This column, published in conjunction with the release of the Business Roundtable report, The Road to Growth, originally appeared on CNBC.com.

 

By Doug Oberhelman
Chairman and CEO of Caterpillar Inc. and chair of the Business Roundtable Infrastructure Initiative.
 
Last summer, when the Highway Trust Fund was weeks away from expiration, I wrote an op-ed urging Congress to address that near-term crisis. I also urged them to enact a multi-year transportation authorization bill to support and grow the U.S. economy.
 
More than one year later we're still lacking a long term solution. To quote Yogi Berra, it's déjà vu all over again. Yet I could argue it's even worse now. States and local communities have paid the price of another year of short-term funding uncertainty.

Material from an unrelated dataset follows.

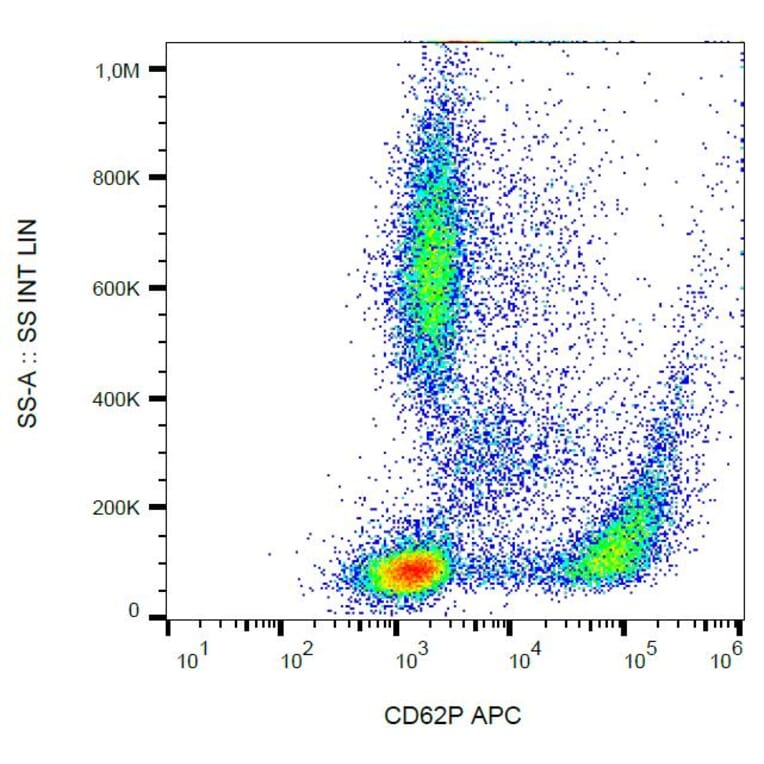 Flow Cytometry - Anti-CD62P Antibody [AK4] (APC) (A85784) - Antibodies.com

U.S. companies have spent another year managing around delays caused by aging and insufficient infrastructure. And U.S. workers have spent another year sitting in traffic, wasting precious time.
 
All of this threatens our nation's future growth and prosperity. 
 
Infrastructure is a key component of any competitiveness measure, and by any measure the United States is falling far behind. The Road to Growth, a report issued by the Business Roundtable (BRT) on Wednesday, includes these sobering facts:
 
  • America is not number 1, number 2 or even number 10. We rank 16th in the world in overall infrastructure quality, behind Germany, France and Japan, and even Iceland, Hong Kong and Spain.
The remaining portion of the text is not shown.